The success of an organization comes down to leadership. Yet, not all who become chief executives or presidents turn out to be great leaders. In many instances, the quality of leadership caused the failure of a company.
No person is born a leader. It is a learned trait that is built through years of practice, failures, and successes.
What an Effective Leader Can Do
Apple is one of the biggest and most recognized brands in the world. It was the first company to reach a trillion-dollar valuation in 2018. Two years later, it became the first American company to be valued at $2 trillion.
It is hard to see the tech giant’s success now and imagine that, at some point, it was on the verge of bankruptcy. In 1997, 10 years after he was fired from the company he co-founded, Steve Jobs was brought back as the CEO of Apple. At the time, the company was in dire straits. Microsoft was the dominant computer company, and Apple was struggling to keep up. During the final quarter of 1996, Apple’s sales plummeted by 30 percent.

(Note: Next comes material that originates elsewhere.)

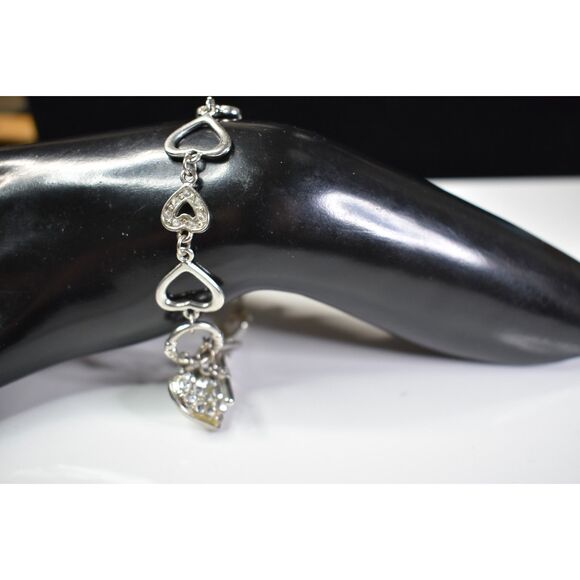 Silver Tone Heart Link Bracelet with Rhinestones - Size 7 - Picture 7 of 8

When Jobs rejoined the company, however, he immediately took action. He convinced Microsoft to invest $150 million in non-voting stock into Apple. He also streamlined the company by letting go of 3,000 employees and cutting about 70 percent of the products that Apple had been making at the time. The strategy worked quickly. By 1998, Apple generated $309 million in profit.
Here is another example of effective leadership. Singapore’s public transport system is frequently hailed as one the best in the world. It is clean, efficient, reliable, and affordable.
Neo Kian Hong took over as SMRT CEO. He won over the public trust. He immediately identified areas in the organization that needed to be improved. He also rebuilt the organization so that it would steadily evolve and be responsive to the needs of the public over time.
Both chief executives show exactly what an effective leader can do. They can figure out where there are deficiencies, and they can make decisions that create progress. Their goal is not to profit as much as possible in the shortest amount of time. They know that improving output and building integrity within the organization is far more important and sustainable in the long run.
But, a person does not become an effective leader overnight.
A great leader is aware that they do not operate on their own. Some people work with them and the people they work to serve. Therefore, they involve others in decision-making and new policy implementation.
Every person should feel that their opinions and concerns are heard. There should not be fear that the leader will turn against them or humiliate them for voicing a thought. The leader should create an environment where everyone is permitted and feel empowered to speak.
The best way to achieve this is to sit down and talk. Have time to converse with everyone.
A good leader knows their own limits. They cannot do everything to improve the organization. They do not have a solution to all the problems, either. They instead recognize the capabilities of their team and trust each member to do their best to achieve the common goal.
Delegation is a trait of an effective leader. But, it is not as easy as throwing orders around. The secret to delegation is knowing the strengths and weaknesses of each member of the team. That way, the leader can assign tasks based on the person’s expertise, leading to a successful outcome.
Moreover, delegation requires faith. When necessary, the leader should be ready to offer a helping hand, but they also know to back off and let their team handle their respective responsibilities. Micromanaging someone else’s work is rarely effective and can demoralize employees.
Open to New Ways of Thinking
A person who holds onto old ideas and strategies does not become an effective leader. Being close-minded dooms an organization to irrelevancy. The world is constantly changing. Organizations, and their leaders, should continue evolving.
That is why an effective leader is always open to new concepts and ideas. They are happy to explore novel solutions to move the organization forward.
The most successful companies revolutionize the market. Their leaders see potential where no one else can and fully support it. They understand that failure is a possibility, but they are willing to try because innovation will bring success.
Not everyone is an effective leader, but any person can be one. It takes time and requires hard work, but it is possible to steer an organization toward achieving a goal successfully.